Utilizing intermediaries reduces organizational complexity and allows firms to focus on developing a core competency through specialization.
Outline the various benefits of utilizing intermediaries, and understand how to capture value from the process
The primary advantage of intermediaries is the ability to focus specifically on what your organization does best. This is called specialization.
Building internal capabilities in a variety of complicated fields, such as legal, HR, accounting, BI and countless other disciplines, is often a significant investment of time and resources as well as a source of risk.
Organizations with many different departments focused on a wide variety of disciplines is likely to lose some agility due to complexity.

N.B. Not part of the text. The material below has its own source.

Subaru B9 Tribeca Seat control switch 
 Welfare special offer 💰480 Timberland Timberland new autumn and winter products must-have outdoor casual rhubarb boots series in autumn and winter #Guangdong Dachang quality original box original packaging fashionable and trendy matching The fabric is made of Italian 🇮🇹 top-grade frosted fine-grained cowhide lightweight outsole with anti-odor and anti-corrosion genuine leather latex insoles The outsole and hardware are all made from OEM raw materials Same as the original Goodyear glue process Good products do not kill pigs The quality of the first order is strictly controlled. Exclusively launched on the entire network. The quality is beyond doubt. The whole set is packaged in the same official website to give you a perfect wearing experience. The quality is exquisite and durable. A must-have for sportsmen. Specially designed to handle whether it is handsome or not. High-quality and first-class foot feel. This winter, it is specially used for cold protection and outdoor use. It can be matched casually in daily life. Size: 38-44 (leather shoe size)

Intermediaries that focus on doing one thing best for a wide variety of strategic partners will likely realize economies of scale. This means that by doing something in high volume, the marginal cost of additional units is significantly lower.
Through utilizing intermediaries along the value chain, firms can maintain simple, specialized core competencies while mitigating risk and capturing economies of scale via similarly specialized partners.
The ability to focus on one specific task, and create an advantage through excelling at this task.
Why Use Intermediaries?
Organizations use intermediaries in order to allow themselves to focus on their core competency and/or competitive advantages. This creates the economic advantage of specialization, and enables multiple strategic partners to collaborate on the design, production, and distribution of countless goods and services.
For example, assume you own a company that produces top quality audio equipment (speakers, surround sound, headphones, etc.). Your sound engineers are some of the best in the business, but you have limited resources. When it comes to retailing your items, you don't have the capital to purchase property and open stores. So you use a marketing intermediary, and work with companies that sell music equipment. You also don't have the capital to open a mass manufacturing facility, so you outsource your production to specialists in audio manufacturing. Instead of building a complex tax and financeteam, you hire an accounting firm.
Next thing you know, your sound engineers, innovators, researchers and core managers are the only internal employees of your organization. The rest are value-adding intermediaries who limit your risk and allow you to focus on what you do best.
The Advantages of Intermediaries
Building relationships with various strategic partners along your value chain can be a significant source of competitive advantage and agility in the modern, hugely fast-paced world of business. A few key advantages in a general sense include:
Specialization and Focus - As discussed above, often one of the primary advantages of utilizing intermediaries is the ability to increase focus on a business' core products and core competency. Additionally, whomever the intermediary is shares this advantage. As a result, organizations with many intermediaries can benefit from the specializations of their partners.
Economies of Scale – On a per output basis, it is often the case that higher volume leads to lower costs per unit. If an organization were to build its own shipping and logistics department, the cost per shipment would almost certainly be higher than that of Fedex or UPS. These organizations have developed scale while perfecting their process, an advantage a small organization will find nearly impossible to duplicate.
Risk Mitigation – Trying to do everything means taking all the corresponding risks that everything has to offer. For example, an organization that takes on its own accounting and financial management will incur the risk of making tax mistakes and the fines that come along with it.
Agility – A larger organization with more moving parts, including retail, manufacturing, taxes and accounting, finance, marketing, operational management, HR, legal, database management, IT and all the other various potential requirements of modern business must face the challenge of coordinating all of these work groups towards a shared objective. This higher degree of organizational inertia is likely to significantly reduce a business' ability to progress and adapt to change.
While there are other advantages of intermediaries depending on the situation, this chart captures the broader reasoning behind the strategy of collaborating externally to fulfill certain operational requirements.